WORK REQUEST:
Below are the entries; transcribe them exactly and drop every picture.

DATASET RECORDS:

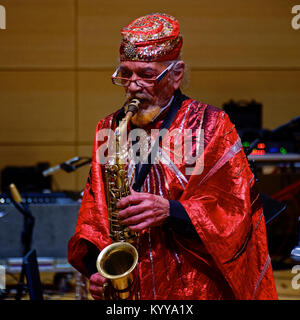 Sun Ra Arkestra suona dal vivo del punteggio al film lo spazio è il posto alla nuova scuola Tishman Auditorium (foto di Lev Radin/Pacific Stampa) Foto Stock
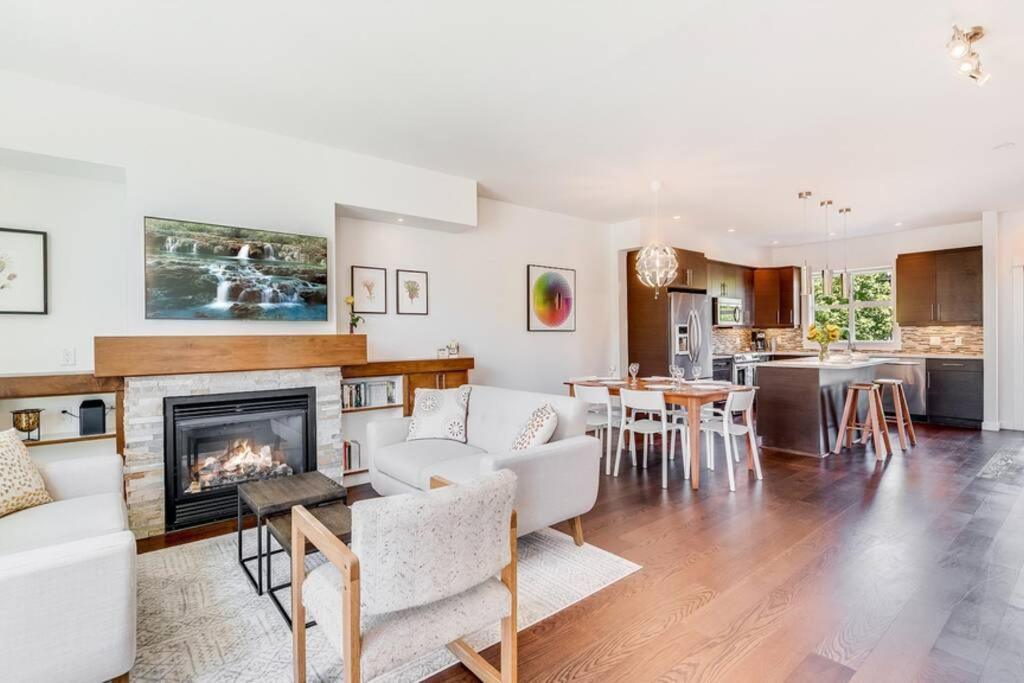فكتوريا Cedar Hill Sunlit Stay - Bright Spacious & Modern المظهر الخارجي الصورة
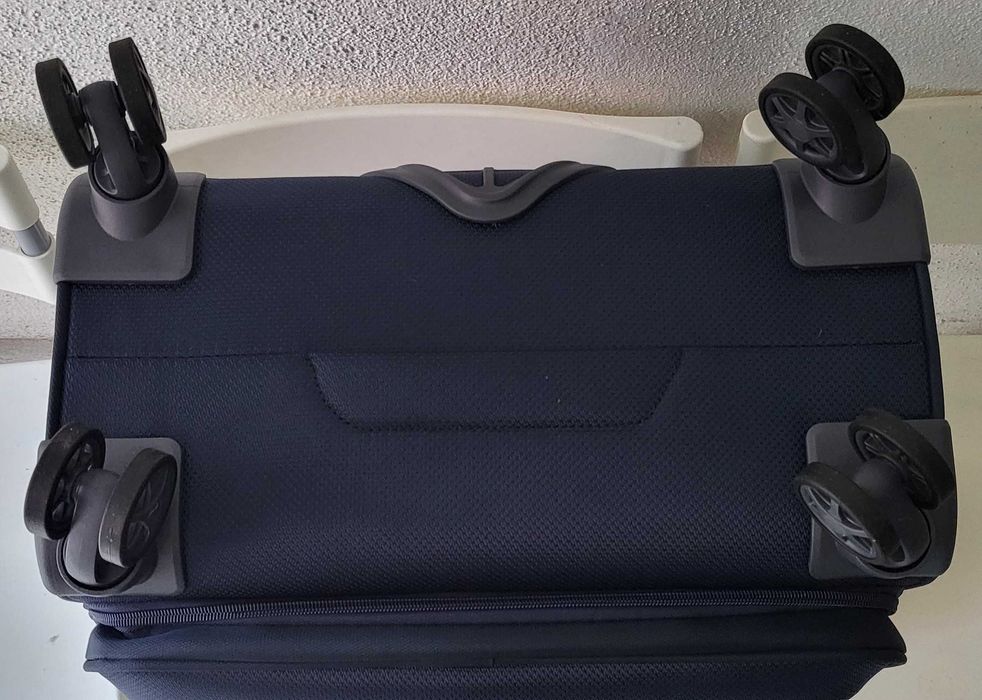 Mala Samsonite Popsoda Spinner 66/24 EXP Dark Blue, Nova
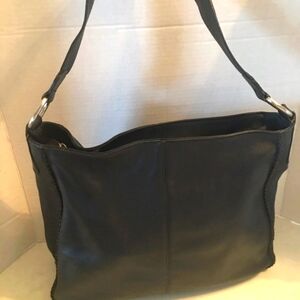 Classic Black Leather Shoulder Bag with Structured Design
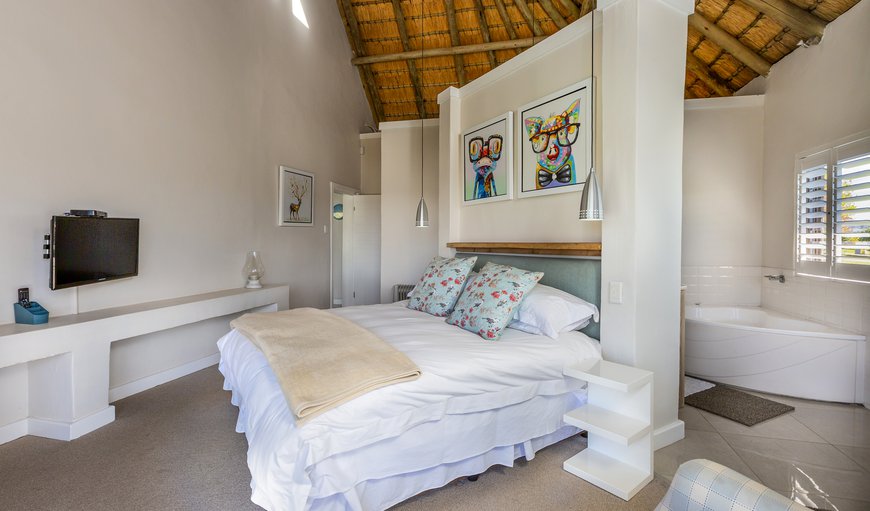 Midlands Cottage: Bedroom with King Size Bed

ANSWER BELOW:
 Sun Ra Arkestra suona dal vivo del punteggio al film lo spazio è il posto alla nuova scuola Tishman Auditorium (foto di Lev Radin/Pacific Stampa) Foto Stock
فكتوريا Cedar Hill Sunlit Stay - Bright Spacious & Modern المظهر الخارجي الصورة
 Mala Samsonite Popsoda Spinner 66/24 EXP Dark Blue, Nova
 Classic Black Leather Shoulder Bag with Structured Design
 Midlands Cottage: Bedroom with King Size Bed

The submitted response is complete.